START RECORDS FOR PROCESSING
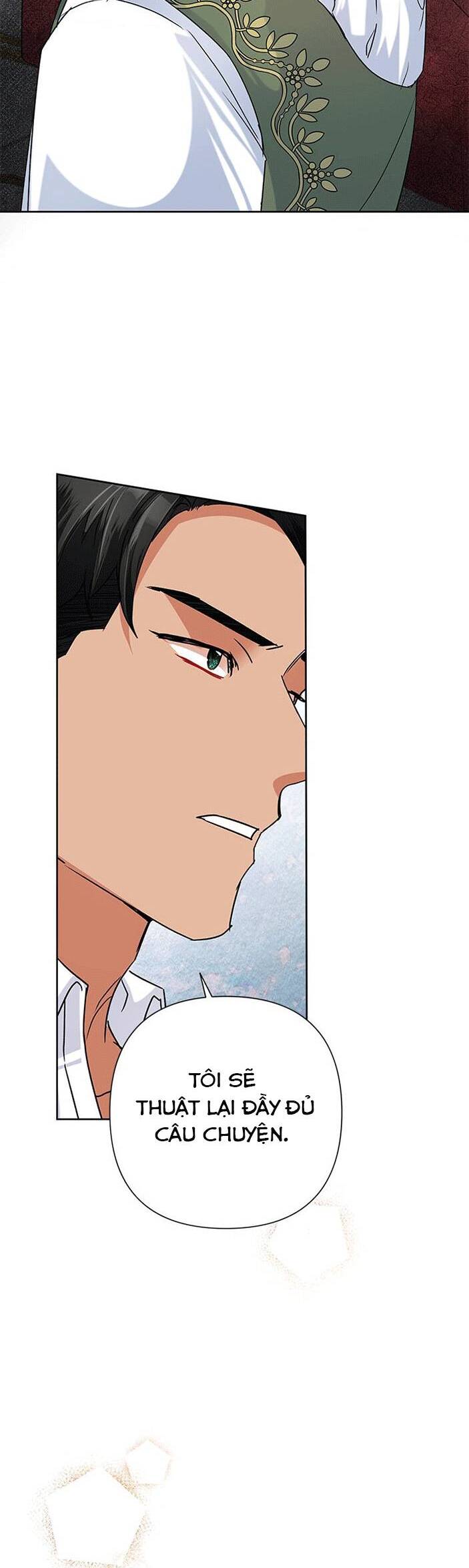 Cuộc Sống Vui Vẻ Của Ác Nữ: Chapter 42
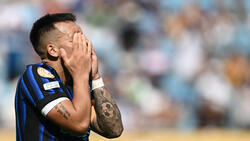 Lange Gesichter bei Inter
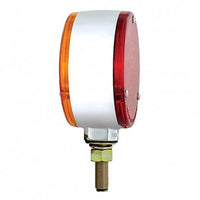 36 LED Reflector Double Face Turn Signal Light - Amber & Red LEDs (Amber & Red or Clear Lens)
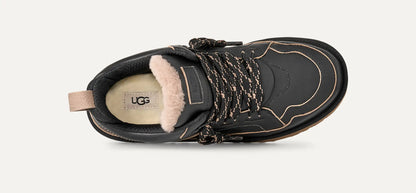 UGG Lowmel Contrast Sneaker for Men Black / Amphora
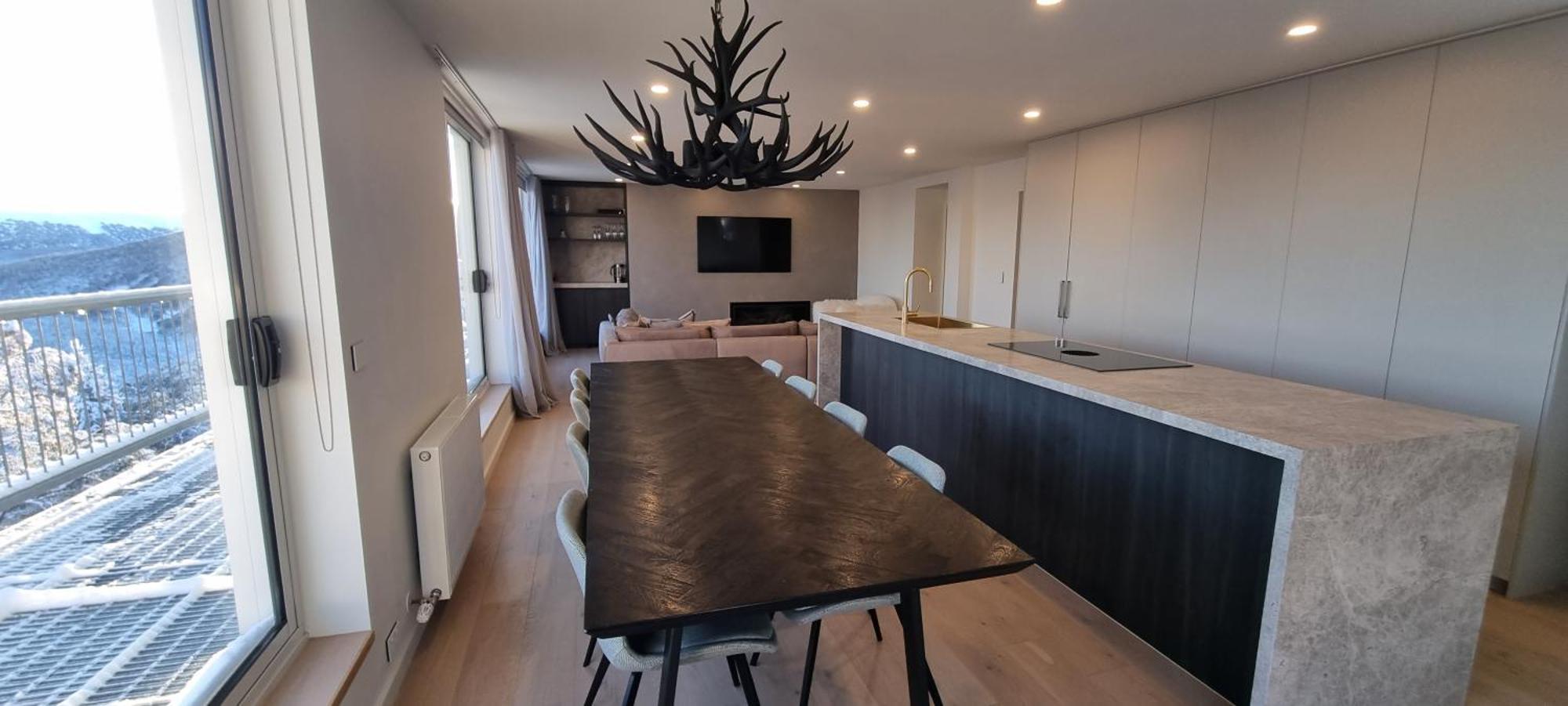 Cedarwood Apartments Фолс Крийк Екстериор снимка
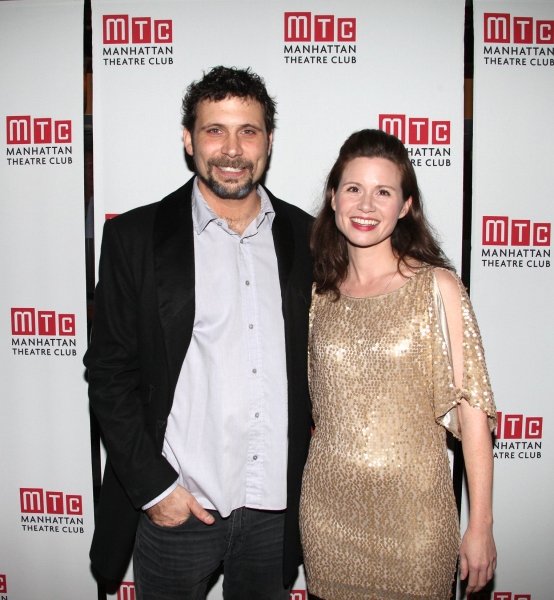 Photo Coverage: MTC Opens SPIRIT CONTROL Image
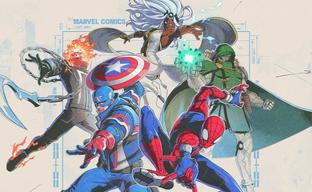 Marvel Tōkon: Fighting Souls to Get Four New Characters and an Arena
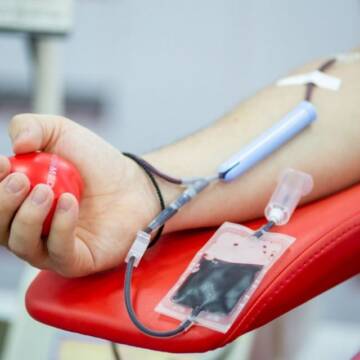 У Вінниці є гостра потреба донорської крові першої групи негативного резус-фактору
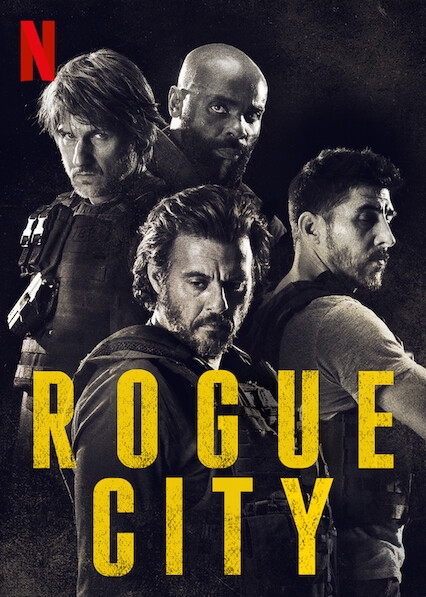 Rogue City.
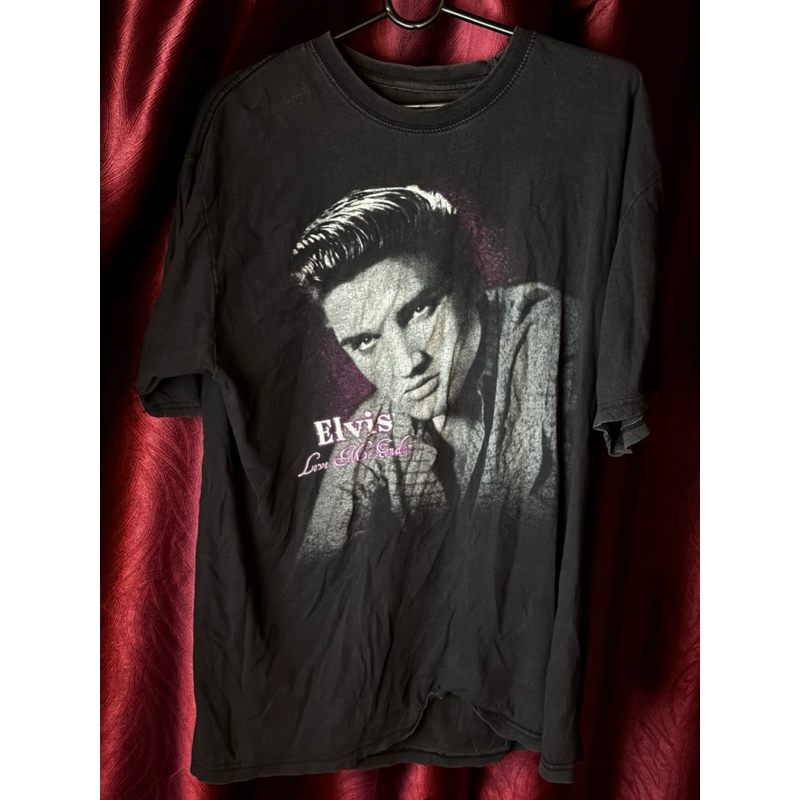 เสื้อวินเทจ Elvis Presley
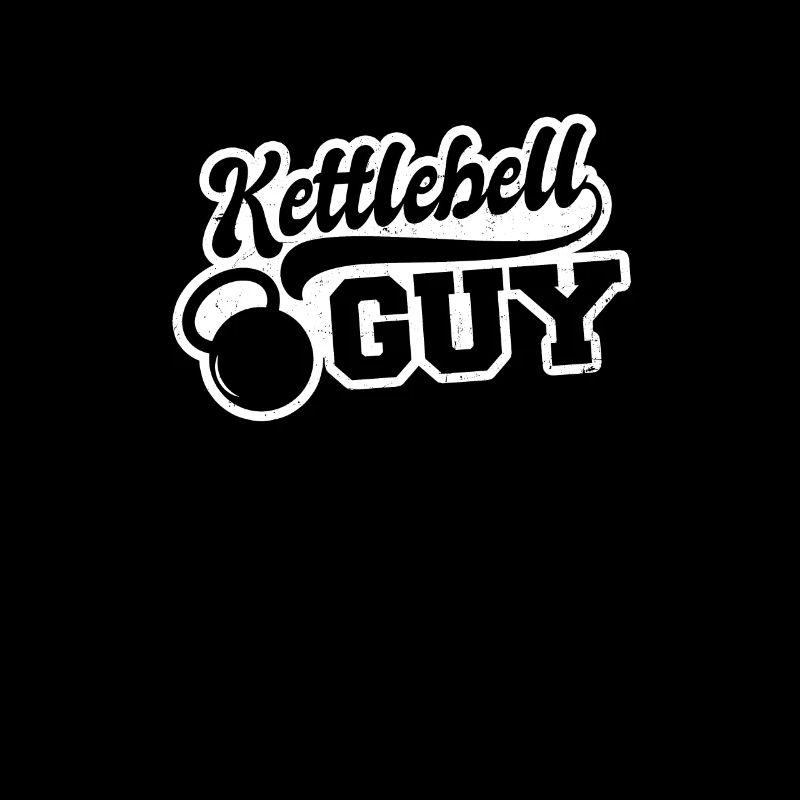 Cadeau Kettlebell Kettlebell Guy
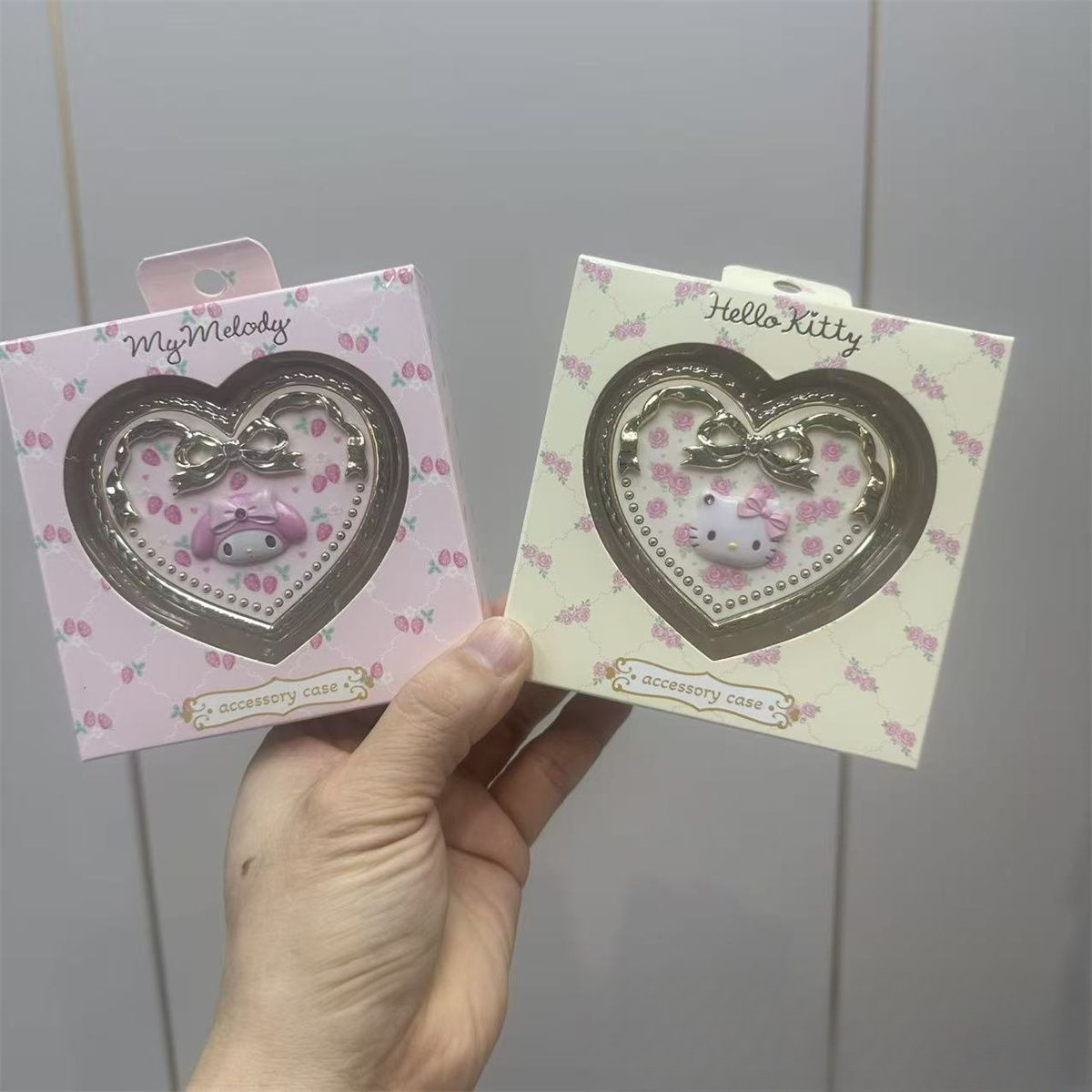 Kawaii Sanrio Portable Kitty M - Travel Accessories Jewelry recension och pris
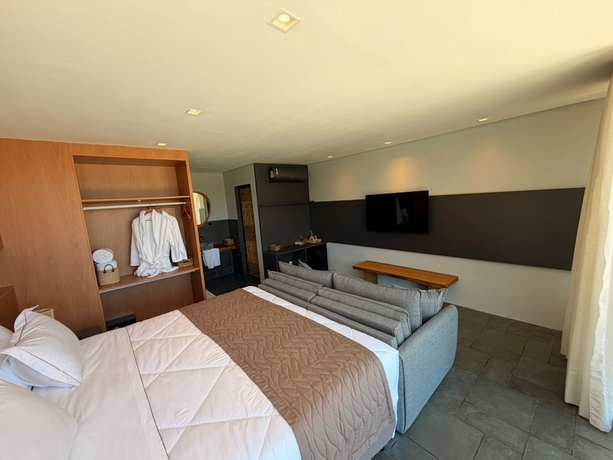 Imagen de la habitación del Hotel Boutique Vila don Patto. Foto 11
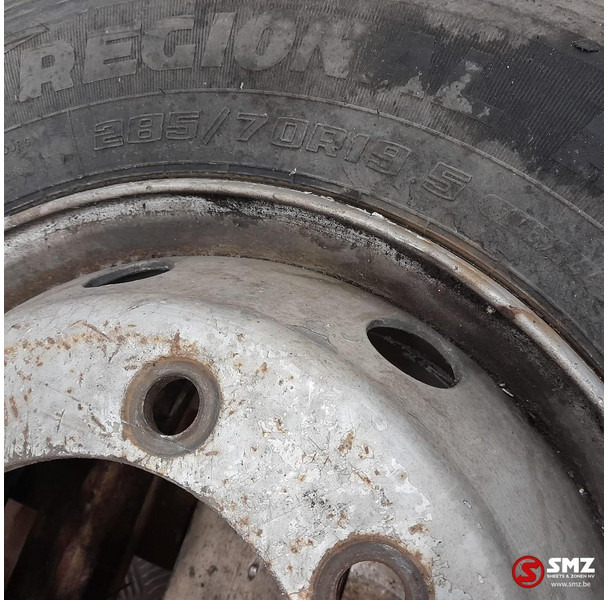 Goodyear Occ vrachtwagenband 285/70R19.5 144/142M Goodyear - Reifen für LKW: das Bild 3 Goodyear Occ vrachtwagenband 285/70R19.5 144/142M Goodyear - Reifen für LKW: das Bild 3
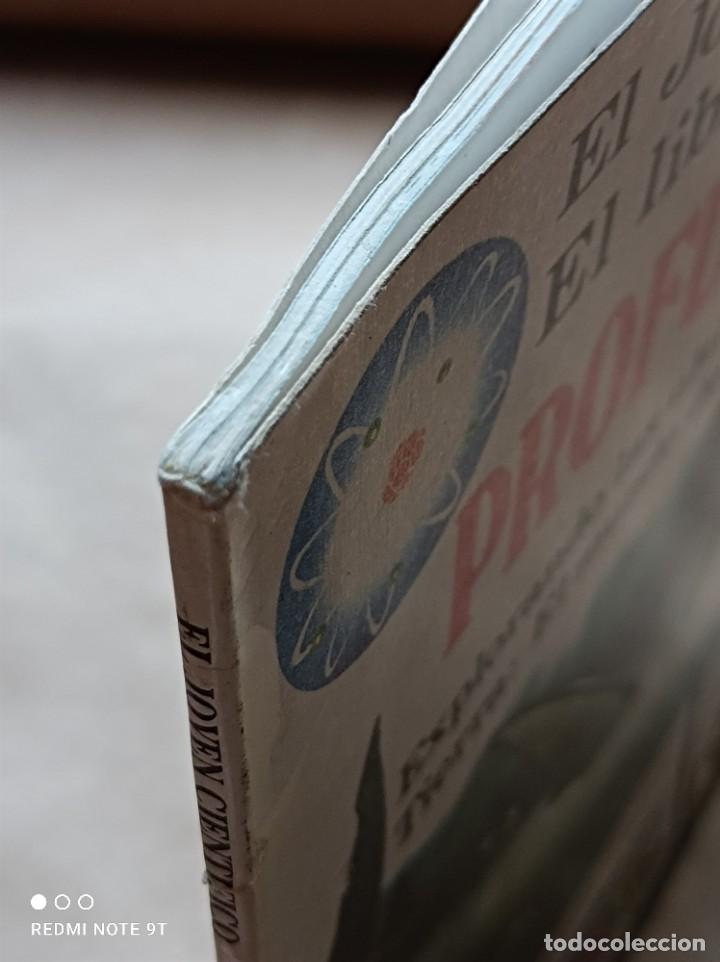 Libros de segunda mano: LIBRO PLESA COLECCI&Oacute;N EL JOVEN CIENT&Iacute;FICO - EL LIBRO DE LAS PROFUNDIDADES - Foto 7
END RECORDS FOR PROCESSING
* WHAT YOU ARE ASKED TO DO *
Quote exactly, and only, the lines from the one containing "Marvel Tōkon: Fighting" through the last line of the records above, both included; leave out any pictures.

* ANSWER FOR THE TASK *
 Marvel Tōkon: Fighting Souls to Get Four New Characters and an Arena
 У Вінниці є гостра потреба донорської крові першої групи негативного резус-фактору
 Rogue City.
 เสื้อวินเทจ Elvis Presley
 Cadeau Kettlebell Kettlebell Guy
 Kawaii Sanrio Portable Kitty M - Travel Accessories Jewelry recension och pris
 Imagen de la habitación del Hotel Boutique Vila don Patto. Foto 11
 Goodyear Occ vrachtwagenband 285/70R19.5 144/142M Goodyear - Reifen für LKW: das Bild 3 Goodyear Occ vrachtwagenband 285/70R19.5 144/142M Goodyear - Reifen für LKW: das Bild 3
 Libros de segunda mano: LIBRO PLESA COLECCI&Oacute;N EL JOVEN CIENT&Iacute;FICO - EL LIBRO DE LAS PROFUNDIDADES - Foto 7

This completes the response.